Basic Law: the knesset

   Passed on 12 February 1958 by the third Knesset. It states that it is the house of representatives of the state, that its seat is in Jerusalem, and that upon election it should include 120 members. The law deals with the electoral system, the right to vote and be elected, the Knesset's term of office, the principles relating to the Knesset elections, the service of Knesset members, the parliamentary immunity of the Knesset members and the Knesset buildings, and the work of the Knesset and its committees.

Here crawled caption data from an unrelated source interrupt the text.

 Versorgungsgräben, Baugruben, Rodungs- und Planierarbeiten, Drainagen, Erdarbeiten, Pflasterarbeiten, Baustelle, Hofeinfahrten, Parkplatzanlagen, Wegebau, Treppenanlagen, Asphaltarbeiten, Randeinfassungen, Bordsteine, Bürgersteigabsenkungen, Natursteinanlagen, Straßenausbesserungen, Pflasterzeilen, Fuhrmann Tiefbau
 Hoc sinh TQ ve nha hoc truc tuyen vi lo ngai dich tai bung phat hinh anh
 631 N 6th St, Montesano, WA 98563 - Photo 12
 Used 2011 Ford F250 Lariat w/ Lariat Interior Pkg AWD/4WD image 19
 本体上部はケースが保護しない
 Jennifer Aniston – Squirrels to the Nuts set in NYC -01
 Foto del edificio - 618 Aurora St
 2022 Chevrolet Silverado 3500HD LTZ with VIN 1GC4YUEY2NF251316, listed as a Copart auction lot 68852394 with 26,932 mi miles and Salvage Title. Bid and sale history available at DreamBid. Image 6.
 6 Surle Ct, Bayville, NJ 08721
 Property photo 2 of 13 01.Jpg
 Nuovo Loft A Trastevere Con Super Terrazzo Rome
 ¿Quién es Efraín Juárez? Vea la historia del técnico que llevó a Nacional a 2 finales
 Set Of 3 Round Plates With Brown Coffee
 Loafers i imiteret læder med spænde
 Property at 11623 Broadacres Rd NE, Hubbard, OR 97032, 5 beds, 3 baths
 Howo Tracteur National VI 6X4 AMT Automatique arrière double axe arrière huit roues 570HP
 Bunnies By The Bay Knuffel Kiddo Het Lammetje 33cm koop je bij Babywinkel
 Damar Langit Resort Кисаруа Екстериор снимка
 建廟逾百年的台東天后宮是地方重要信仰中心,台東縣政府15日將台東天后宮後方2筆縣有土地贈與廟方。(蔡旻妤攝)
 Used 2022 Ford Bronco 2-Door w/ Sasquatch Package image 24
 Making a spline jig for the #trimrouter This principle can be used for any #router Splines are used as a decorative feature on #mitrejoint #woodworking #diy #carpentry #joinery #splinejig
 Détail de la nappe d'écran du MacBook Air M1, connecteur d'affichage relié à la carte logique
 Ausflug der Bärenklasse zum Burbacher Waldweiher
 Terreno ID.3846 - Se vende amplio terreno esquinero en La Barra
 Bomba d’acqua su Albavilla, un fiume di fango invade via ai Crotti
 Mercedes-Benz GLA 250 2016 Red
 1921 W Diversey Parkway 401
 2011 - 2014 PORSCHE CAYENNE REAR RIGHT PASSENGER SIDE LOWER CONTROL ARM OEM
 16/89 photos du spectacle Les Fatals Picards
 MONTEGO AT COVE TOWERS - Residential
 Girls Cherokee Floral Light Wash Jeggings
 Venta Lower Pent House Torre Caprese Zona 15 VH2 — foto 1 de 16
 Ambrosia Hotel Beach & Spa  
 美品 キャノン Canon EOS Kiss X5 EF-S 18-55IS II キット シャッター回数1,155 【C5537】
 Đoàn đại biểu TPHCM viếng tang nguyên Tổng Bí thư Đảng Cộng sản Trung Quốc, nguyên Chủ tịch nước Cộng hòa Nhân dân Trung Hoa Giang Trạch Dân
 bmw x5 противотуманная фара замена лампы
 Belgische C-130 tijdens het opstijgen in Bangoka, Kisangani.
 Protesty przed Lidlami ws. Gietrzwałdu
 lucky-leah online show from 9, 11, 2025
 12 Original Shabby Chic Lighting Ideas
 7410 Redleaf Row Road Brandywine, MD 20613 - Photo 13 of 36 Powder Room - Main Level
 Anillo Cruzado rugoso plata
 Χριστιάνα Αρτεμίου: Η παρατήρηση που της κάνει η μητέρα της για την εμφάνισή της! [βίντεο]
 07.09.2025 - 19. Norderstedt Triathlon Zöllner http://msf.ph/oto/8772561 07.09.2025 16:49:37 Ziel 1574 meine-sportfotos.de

Amendment 9 of the law, passed on 31 July 1985, states that a list may not participate in the election if there is in its goals or actions a denial of the existence of the state of Israel as the state of the Jewish people, a denial of the democratic nature of the state, or incitement to racism.
   Among other provisions, the law provides that The Knesset is the parliament of the State. . . . The Knesset shall, upon its election, consist of one hundred and twenty members. . . . The Knesset shall be elected by general, national, direct, equal, secret and proportional elections, in accordance with the Knesset Elections Law; this section shall not be varied save by a majority of the members of the Knesset. . . . The term of office of the Knesset shall be four years from the day on which it is elected. . . . If the seat of a member of the Knesset falls vacant, it shall be filled by the candidate who, in the list of candidates which included the name of the late member, figured immediately after the last of the elected candidates. . . . A candidates' list shall not participate in elections to the Knesset if its objects or actions, expressly or by implication, include one of the following: (1) negation of the existence of the State of Israel as the state of the Jewish people; (2) negation of the democratic character of the State; (3) incitement to racism.

Historical Dictionary of Israel. .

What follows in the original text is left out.